In the CIE1976 L*a*b* colour space, the difference in hue angle is often used to quantitatively evaluate the intensity of colour-changing effect. When the difference in the hue angle is greater than 20°, prominent changes in colour can be observed [14]. The 10 samples selected in this study exhibit significant change in colour with hue angle difference greater than 20°. Figure 7 shows the simulated colour block calculated by the colour matching functions. It had a high degree of reduction to the real colour of the sample.

4. Discussion

4.1. Effect of Standard Light Source on Appearance of Colour-Changing Garnet

An one-way analysis of variance (ANOVA) of the parameters influencing colour is conducted under the D65 and A light sources, and the results are shown in

Table 2. ANOVA results for the colour parameters.

Colour Parameters	df	Mean Square	F	p
L*	1	1.070	0.017	0.898
a*	1	688.632	116.762	0.000
b*	1	50.444	11.696	0.003
C*	1	9.146	1.888	0.186
h(°)	1	15,320.707	152.244	0.000

. The different standard light sources have no significant effect on the lightness L* and chroma C* of the colour-changing garnet (p > 0.05), but have a significant effect on the colorimetric coordinates a* and b* as well as the hue angle h(°) (p < 0.05).

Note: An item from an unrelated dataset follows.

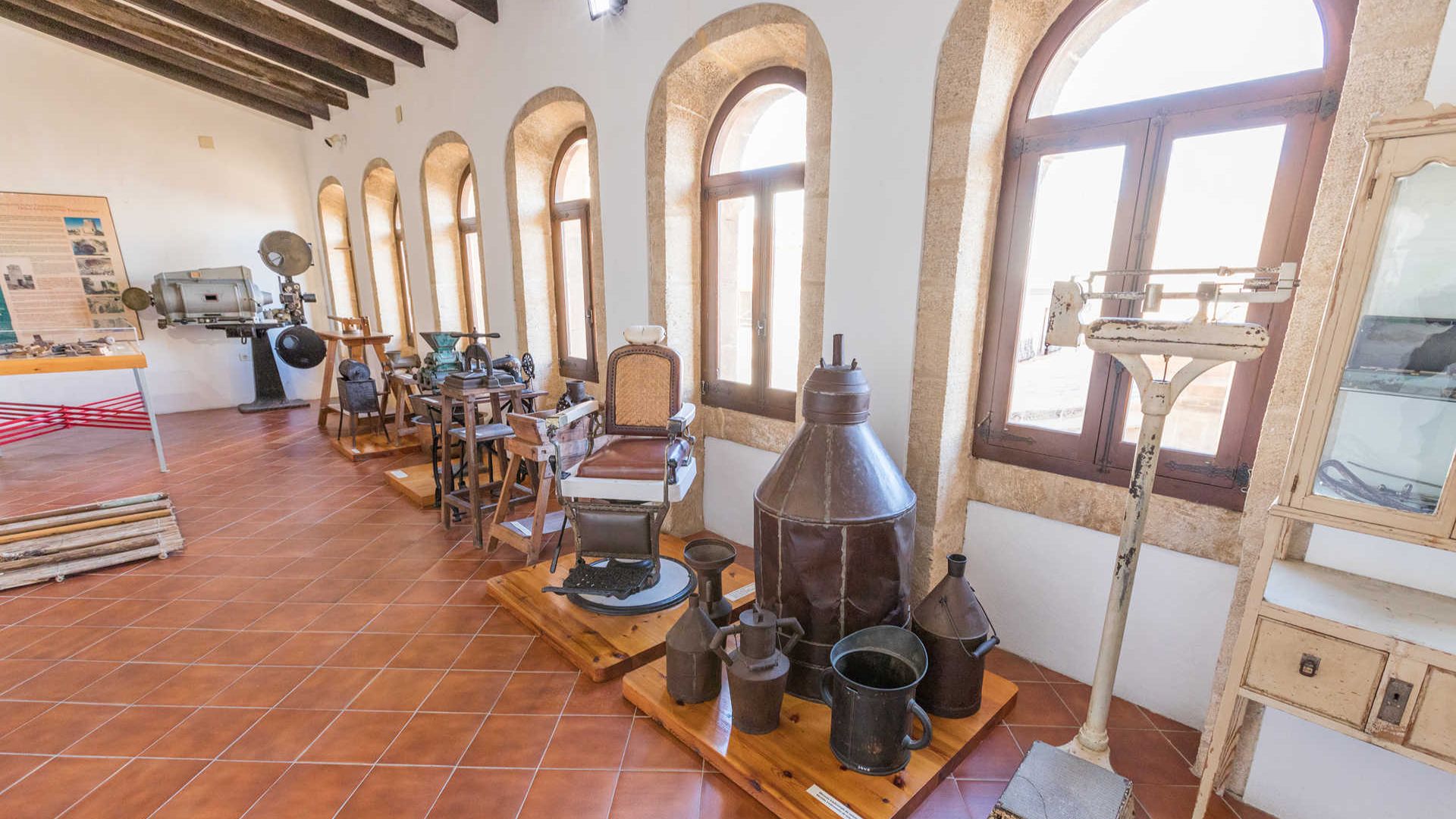 Museu Arqueològic i Etnogràfic Municipal Soler Blasco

Figure 8 shows a comparison of the colour parameters under the D65 and A light sources. The results show that the lightness of the garnet under A is slightly higher than that under D65, and most of the samples exhibit higher chroma values under A. When the light source is changed from D65 to A, the colorimetric coordinate a* changes from negative to positive, that is, from green to red; the colorimetric coordinate b* decreases, and the concentration of yellow decreases. Samples with higher colorimetric coordinates a* and b* in the light source D65 are also higher under light source A.

4.2. Effect of UV-Vis Absorbance Peak Area on Colorimetric Coordinate a* and Hue Angle h(°)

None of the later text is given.